Task requirements - Each entry that follows is to be duplicated exactly, without its images.

[Image-caption web data]
***

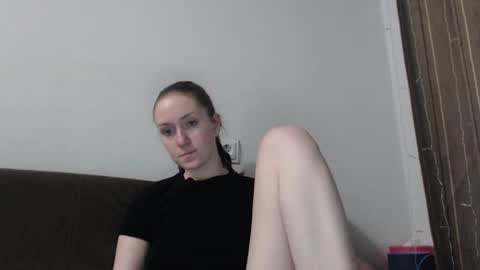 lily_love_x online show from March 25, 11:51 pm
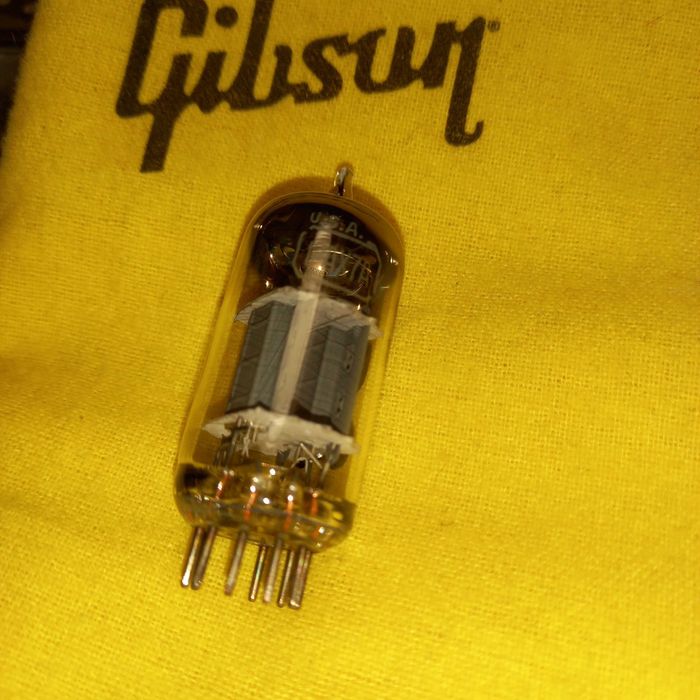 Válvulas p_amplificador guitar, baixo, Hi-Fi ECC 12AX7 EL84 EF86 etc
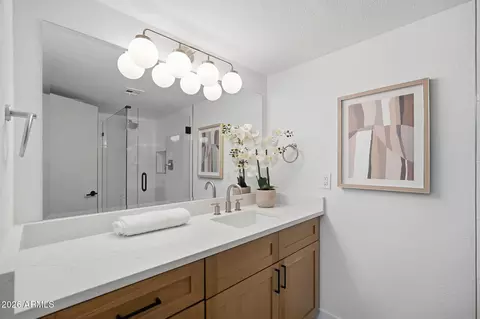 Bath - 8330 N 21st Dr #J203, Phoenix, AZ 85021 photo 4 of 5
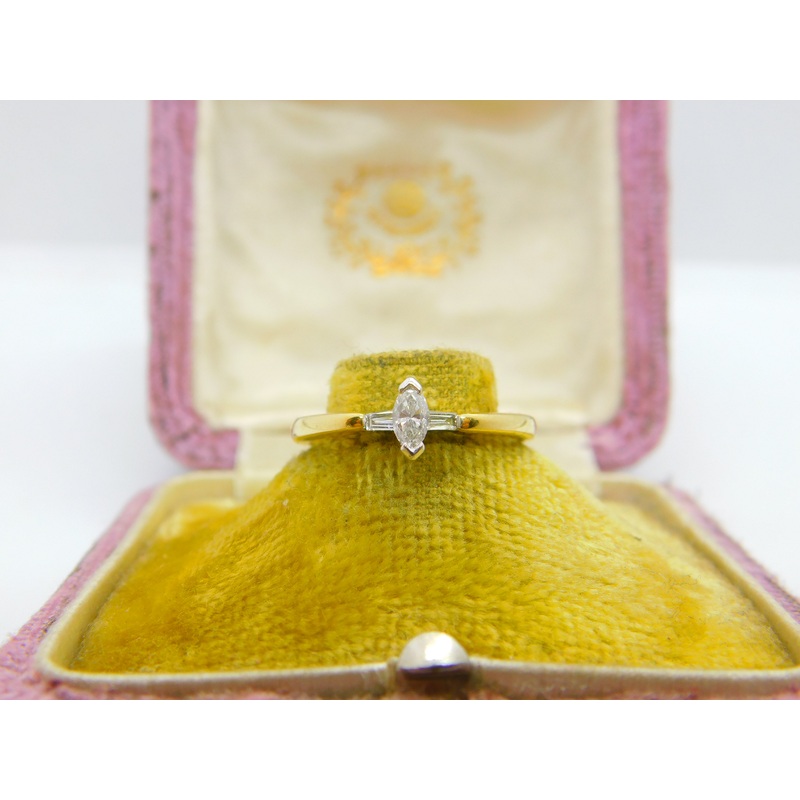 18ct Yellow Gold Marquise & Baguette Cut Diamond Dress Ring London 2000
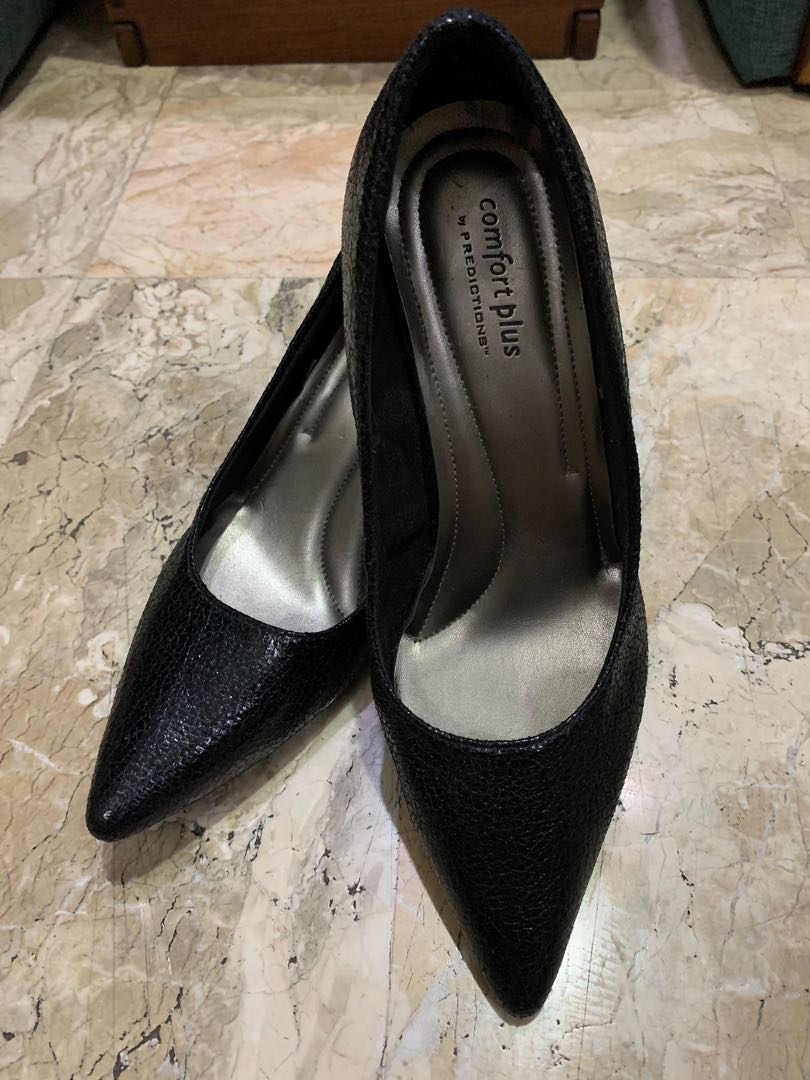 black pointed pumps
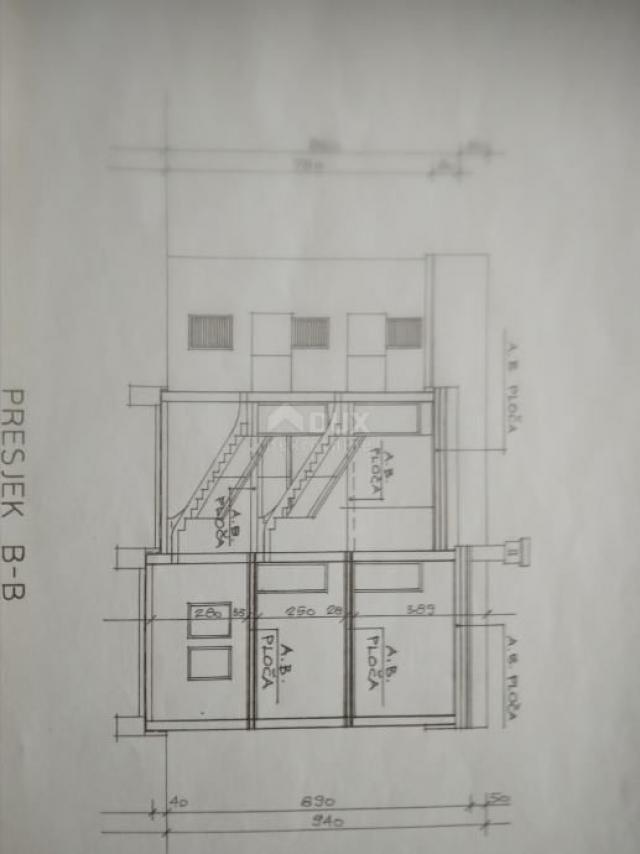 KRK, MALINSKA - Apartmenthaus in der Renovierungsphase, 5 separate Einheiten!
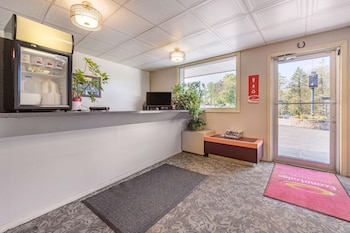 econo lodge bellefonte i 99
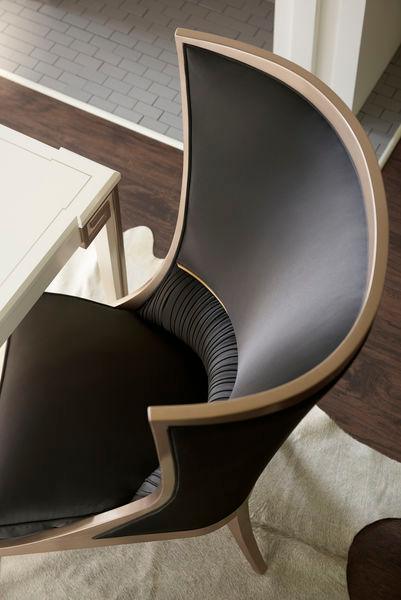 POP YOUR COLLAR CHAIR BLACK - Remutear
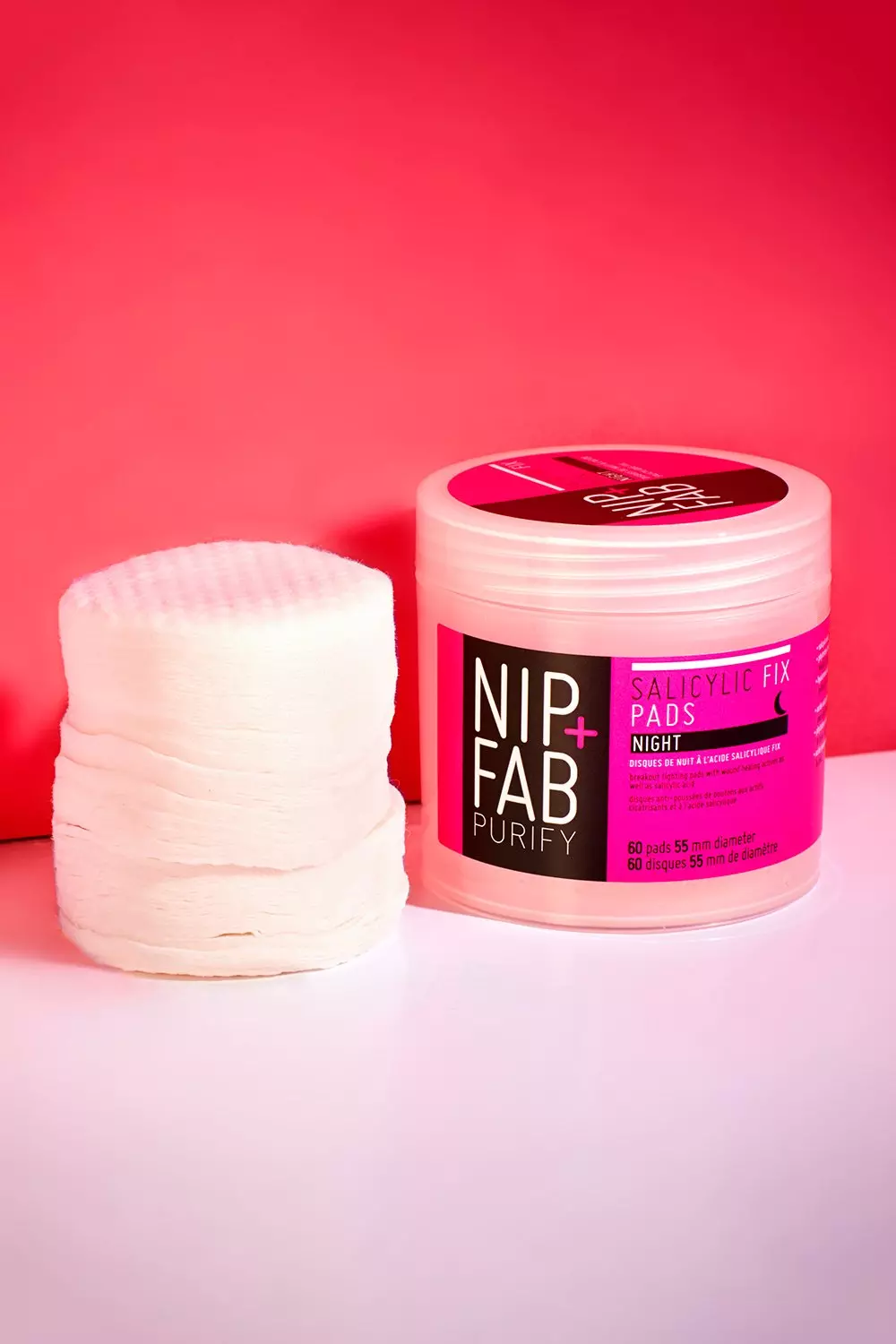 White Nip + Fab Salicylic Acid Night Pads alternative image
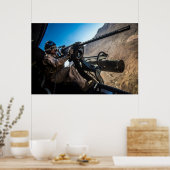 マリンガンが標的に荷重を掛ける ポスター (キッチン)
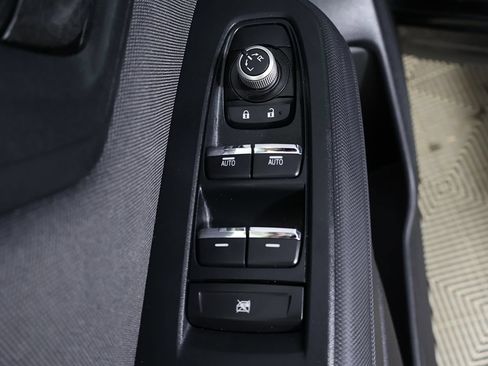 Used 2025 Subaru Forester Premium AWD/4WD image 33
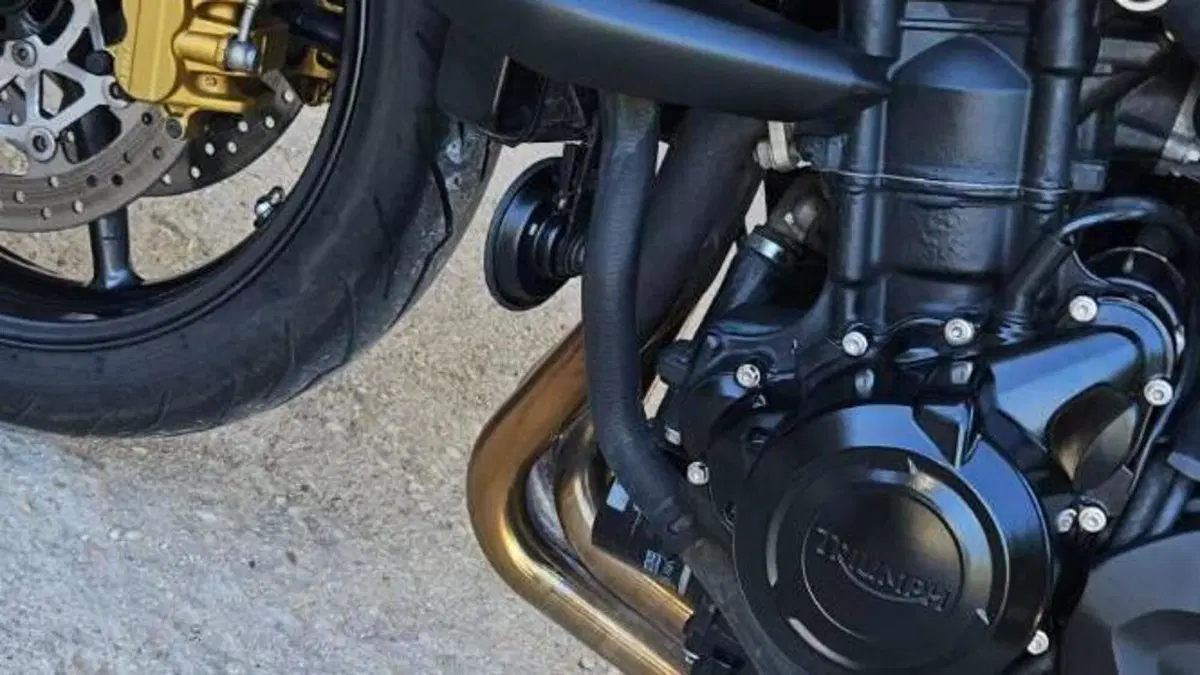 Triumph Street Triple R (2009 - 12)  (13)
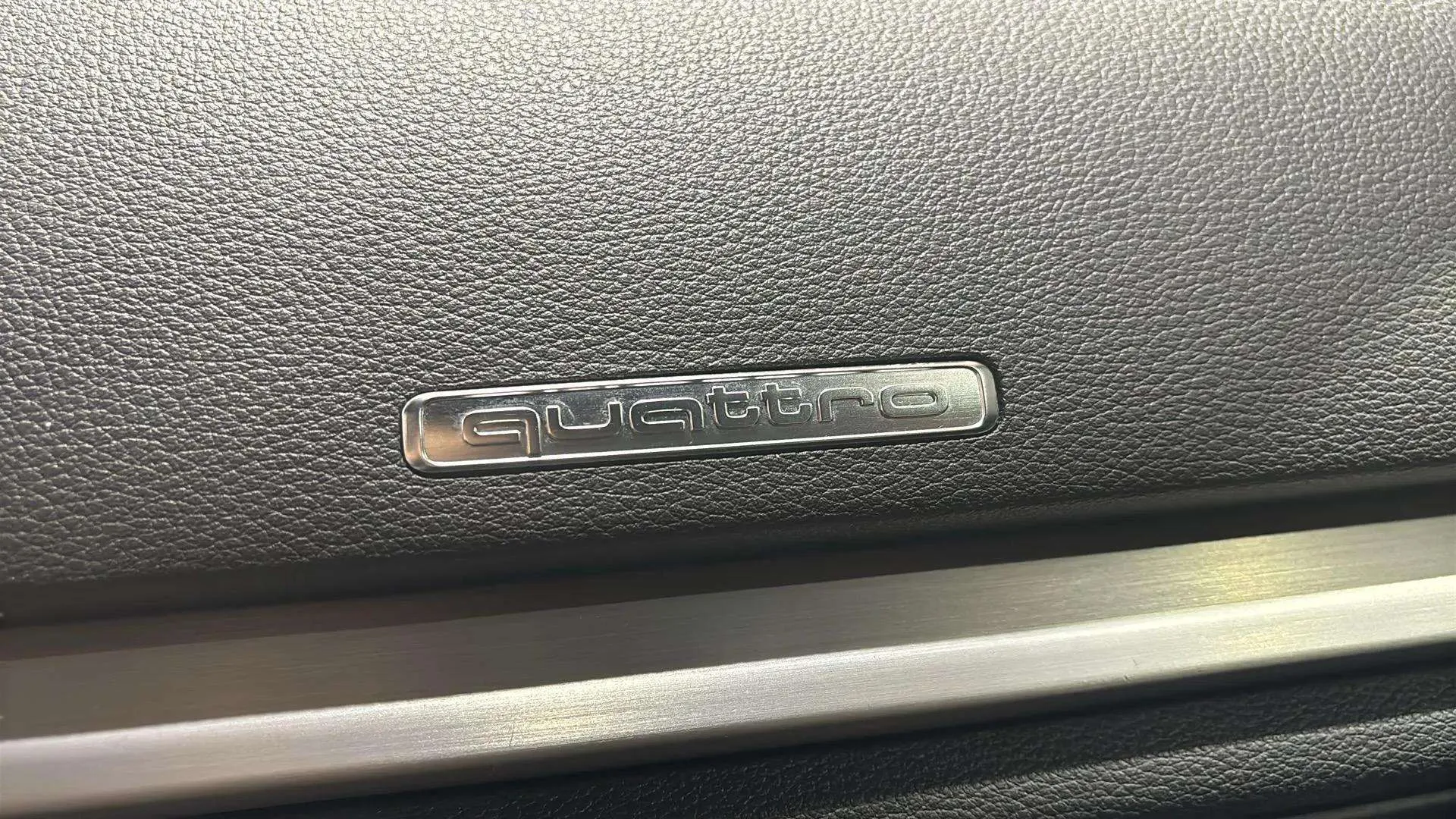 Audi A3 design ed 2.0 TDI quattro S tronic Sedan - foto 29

***

Response below -
 lily_love_x online show from March 25, 11:51 pm
 Válvulas p_amplificador guitar, baixo, Hi-Fi ECC 12AX7 EL84 EF86 etc
 Bath - 8330 N 21st Dr #J203, Phoenix, AZ 85021 photo 4 of 5
 18ct Yellow Gold Marquise & Baguette Cut Diamond Dress Ring London 2000
 black pointed pumps
 KRK, MALINSKA - Apartmenthaus in der Renovierungsphase, 5 separate Einheiten!
 econo lodge bellefonte i 99
 POP YOUR COLLAR CHAIR BLACK - Remutear
 White Nip + Fab Salicylic Acid Night Pads alternative image
 マリンガンが標的に荷重を掛ける ポスター (キッチン)
 Used 2025 Subaru Forester Premium AWD/4WD image 33
 Triumph Street Triple R (2009 - 12)  (13)
 Audi A3 design ed 2.0 TDI quattro S tronic Sedan - foto 29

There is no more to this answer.